Study material:

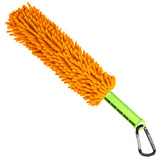 Exalt Pod Swab - Citrus (Orange/Lime) - Paintball - XFactorPaintball.com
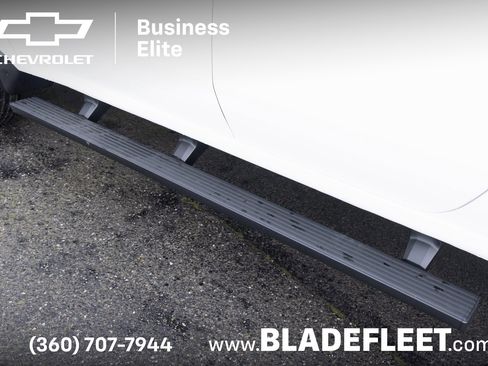 New 2025 Chevrolet Silverado 2500 W/T image 26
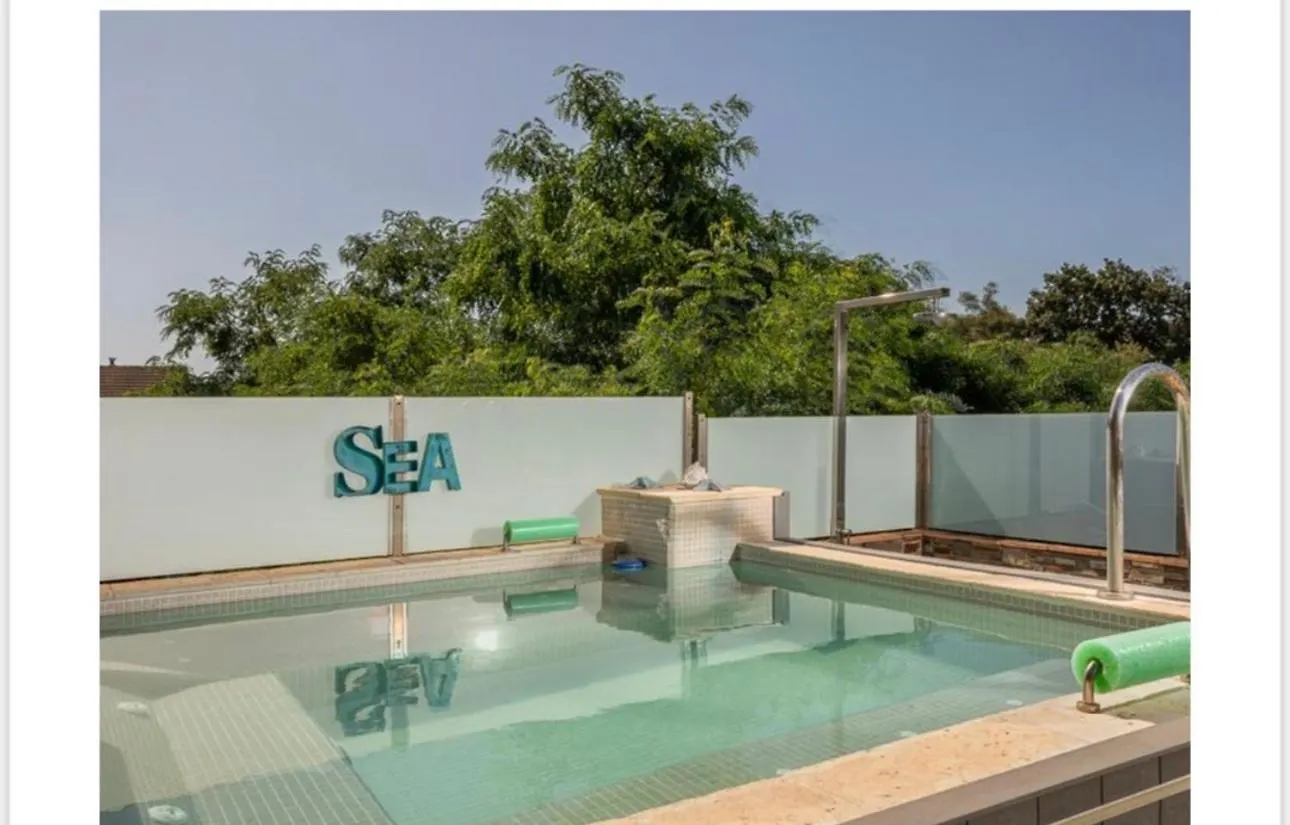 Bello Alojamiento Noa Apartment Blanes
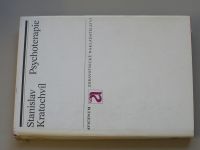 Stanislav Kratochvíl - Psychoterapie (1987)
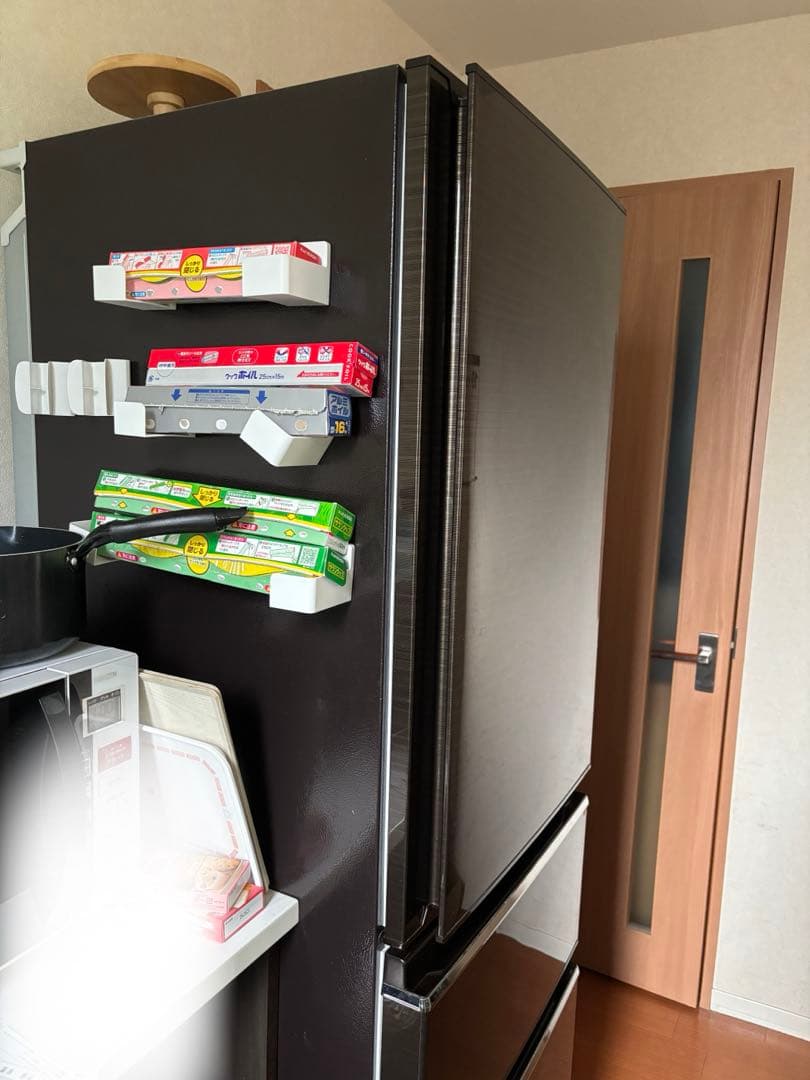 ★みなみ★ 【三菱 冷蔵庫】365ℓ幅60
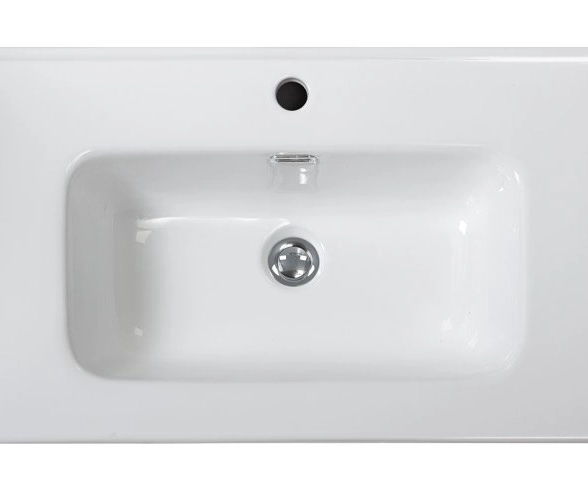 Раковина BB800ETL 810х460х170 керам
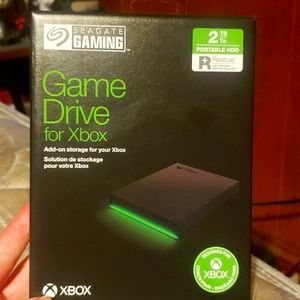 GameDriveXbox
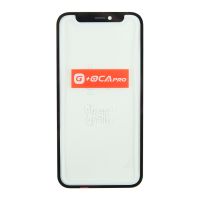 Скло дисплея OCA Pro для iPhone 12 Mini + OCA (5.4") (для переклеювання)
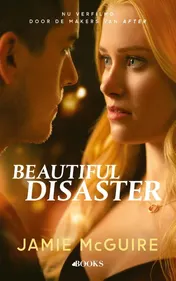 Omslag van Beautiful disaster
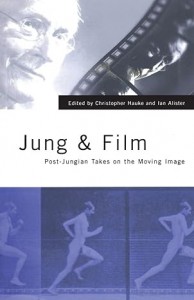 Couverture du livre Jung and Film - Sous la direction de Christopher Hauke et Ian Alister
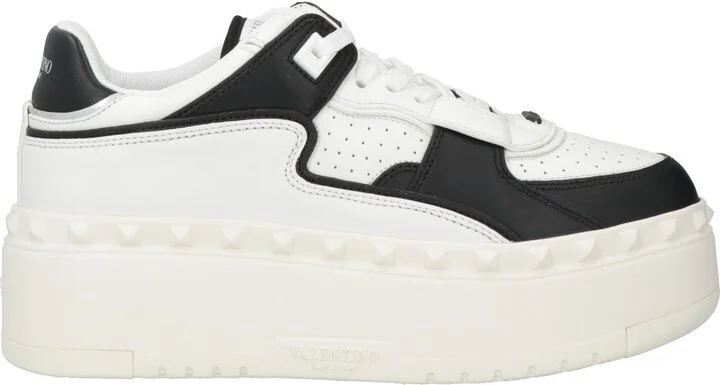 Valentino Garavani Woman Sneakers - Image 3
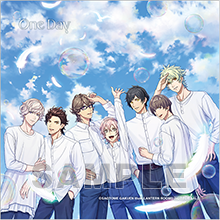 うたの☆プリンスさまっ♪ HE☆VENS 2ndミニアルバム 「One Day」 | CD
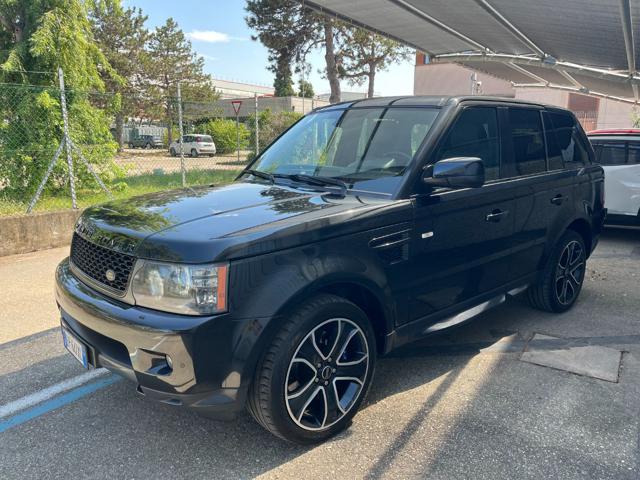 Land Rover Range Rover Sport 3.0 SDV6 HSE Da Vetrina! - foto 3 di 4
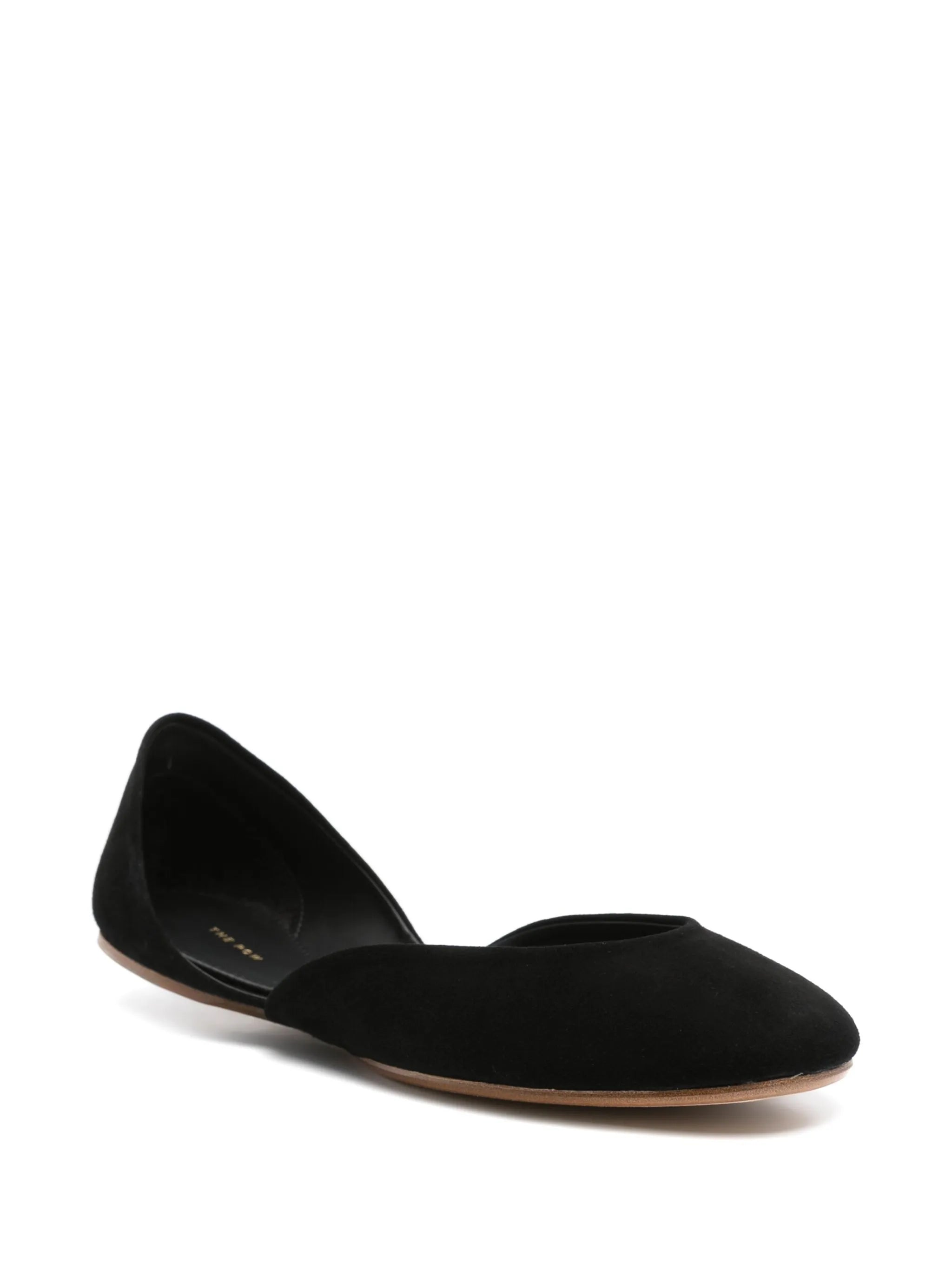 Gemma ballet flats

Your goal:
Reproduce exactly the lines of the data above that run from the line with "Раковина BB800ETL 810х460х170 керам" down to the line with "うたの☆プリンスさまっ♪ HE☆VENS 2ndミニアルバム", both ends included. Pictures do not belong in the copy.

Task solution:
 Раковина BB800ETL 810х460х170 керам
 GameDriveXbox
 Скло дисплея OCA Pro для iPhone 12 Mini + OCA (5.4") (для переклеювання)
 Omslag van Beautiful disaster
 Couverture du livre Jung and Film - Sous la direction de Christopher Hauke et Ian Alister
 Valentino Garavani Woman Sneakers - Image 3
 うたの☆プリンスさまっ♪ HE☆VENS 2ndミニアルバム 「One Day」 | CD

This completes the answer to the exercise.